Meredith Whittaker, head of the messaging service Signal, has announced drastic consequences if a controversial bill on so-called chat control is implemented. She described the plan as “surveillance wine in security bottles”.

The EU Commission presented a first draft law on so-called chat control back in May 2022. However, critics complained that the draft misses the actual goal of protecting against child abuse. Rather, chat control would create an unprecedented surveillance tool.

Chat control: Signal threatens to withdraw from Europe

The EU Commission then revised the draft. In order to make the proposal quorate, the current Belgian Council Presidency published a compromise proposal at the end of May 2024. In essence, the new draft stipulates that services such as WhatsApp and Co. should identify, report and, if necessary, remove criminally relevant content.

However, this represents a major invasion of privacy. If chat control is implemented in its current form, the messenger service Signal will apparently cease operations in Europe. President Meredith Whittaker announced this on X (formerly Twitter).

Compromise proposal also causes disagreement

The Signal boss described the EU Commission's plan as “surveillance wine in a security bottle”. However, the messenger service should remain active in Europe “until the end”. Whittaker commented:

We stand with the people of Europe and their right to privacy, whatever the Commission does. But we will not comply with a mandate that undermines our data protection guarantees.
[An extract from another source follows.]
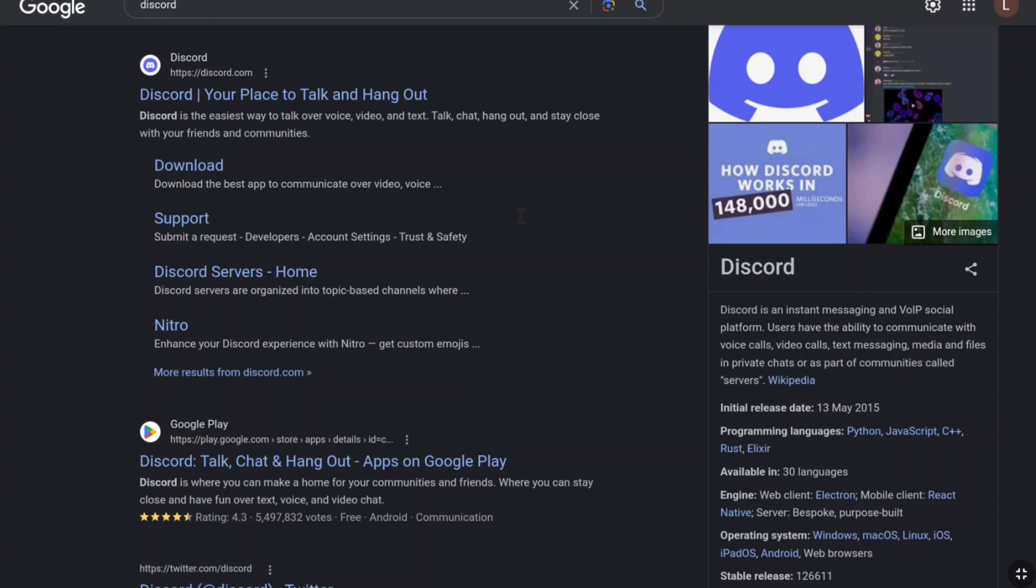First of all, open up any browser on your smartphone, PC, tablet or laptop and then come over to the official website of Discord, discord.com.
If chat control were to come into force in its current form, failure to comply would, according to Meredith Whittaker, result in Signal being excluded from the European market: “We would rather leave the EU market than undermine our data protection guarantees.”

Whether it will really come to that is still unclear. The European Parliament has already agreed on a negotiating position. However, the EU member states are still arguing about the key aspects of the proposal. If at least
If four states with a share of at least 35 percent of the EU population object, the draft is likely to fail.

So far, Germany, Poland and France in particular have submitted their vetoes. However, the French government is now more open to the compromise proposal – even though courts could overturn the law again. The EU Commission has announced further negotiations.